Quick Start¶

To get started quickly with macauff, you will need nine items: three binary, .npy files for each of the two catalogues to be cross-matched, and three input plain text files.

Input Data¶

The three input files must be contained within a single folder, with the respective names:

con_cat_astro, which must be of shape (N, 3), and contain, for each of the N objects to be matched in this catalogue, two astrometric position coordinates: the azimuthal angle (typically Right Ascension or Longitude) and polar angle (typically Declination or Latitude) – both in degrees – and a single, circular astrometric uncertainty, in arcseconds. If your data are described by covariance matrices for their uncertainty, then we require the average of the semi-major and semi-minor axes.
con_cat_photo, of shape (N, F) for a catalogue with F filters available for use. If a detection is not available for any reason – either the source is below the detection limit of the survey, or it was removed for any reason during the catalogue creation process – it must be replaced with a NaN value.
magref, of shape (N,). This “magnitude reference” array contains, for each of the N elements, the best available of the 1 to F detections of that object. Best is a subjective term, and left to the user, but general considerations to take into account are the closeness of the wavelength coverage to the opposing catalogue (where more similar wavelength ranges are better), quality of the detection, or if the source suffered any artefacts during its observation that may affect the photometry.

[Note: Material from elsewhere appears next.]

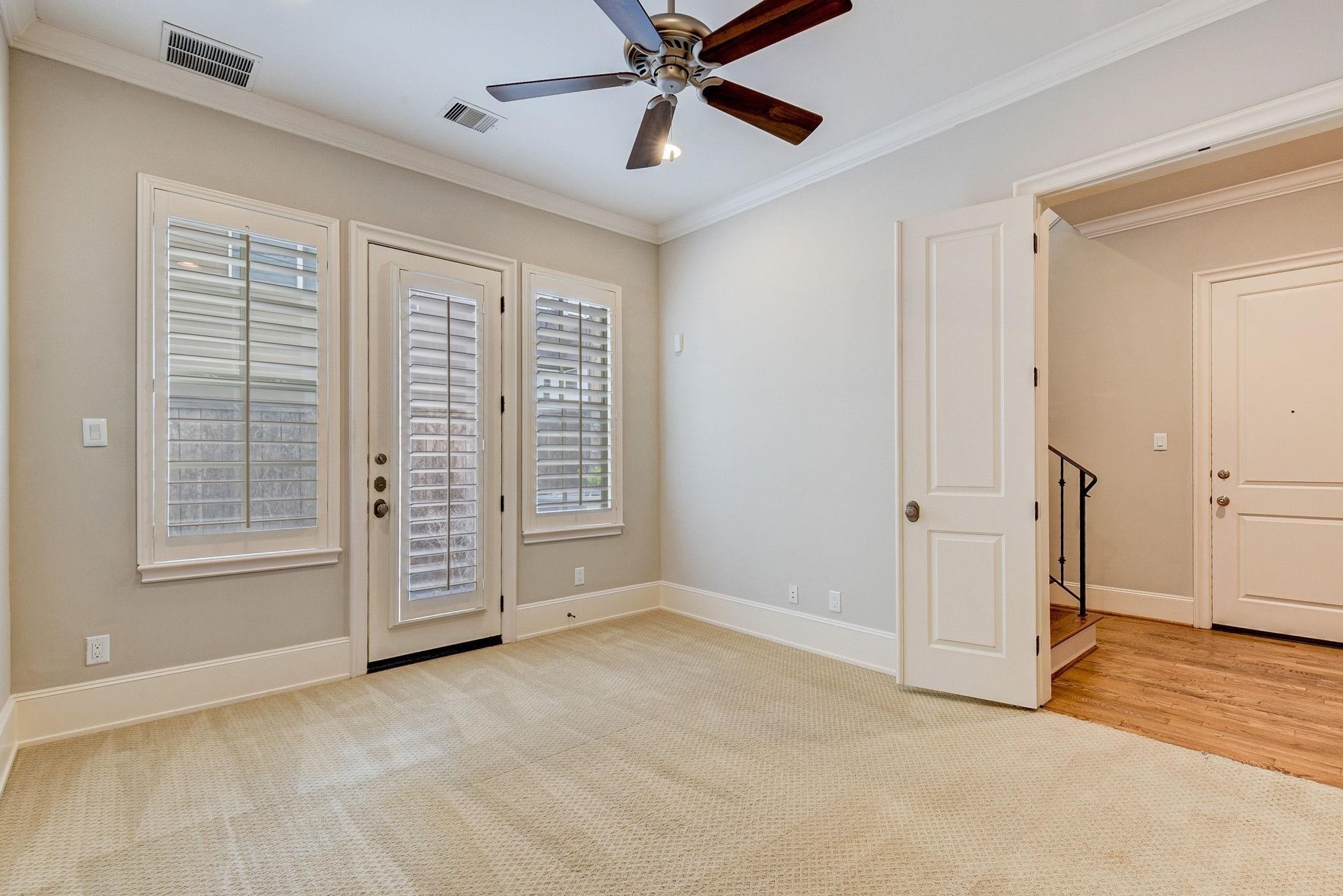 4506 Jackson Street Houston, TX 77004 - Photo 9 of 29 an empty room with windows and closet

These files should be present for each catalogue, in separate folders.

An example function to create simple test catalogues is available here, and can be imported within Python as:

from macauff.utils import generate_random_data

and called with

num_a_source, num_b_source, num_common = 50, 100, 40
extent = [0, 0.25, 50, 50.3]
num_filters_a, num_filters_b = 3, 2
a_uncert, b_uncert = 0.1, 0.3
a_file_path = 'test_macauff_outputs/name_of_a_file.csv'
b_file_path = 'test_macauff_outputs/name_of_b_file.csv'
(a_astro, b_astro, a_photo, b_photo, a_mag_ind, b_mag_ind, a_true,
 b_true) = generate_random_data(
    num_a_source, num_b_source, num_common, extent, num_filters_a,
    num_filters_b, a_uncert, b_uncert)
a_array = np.hstack((a_astro, a_photo, np.zeros((len(a_astro)), bool), a_mag_ind))
with open(a_file_path, "w", encoding='utf-8') as f:
    np.savetxt(f, a_array, delimiter=',')
b_array = np.hstack((b_astro, b_photo, np.zeros((len(b_astro)), bool), b_mag_ind))
with open(b_file_path, "w", encoding='utf-8') as f:
    np.savetxt(f, b_array, delimiter=',')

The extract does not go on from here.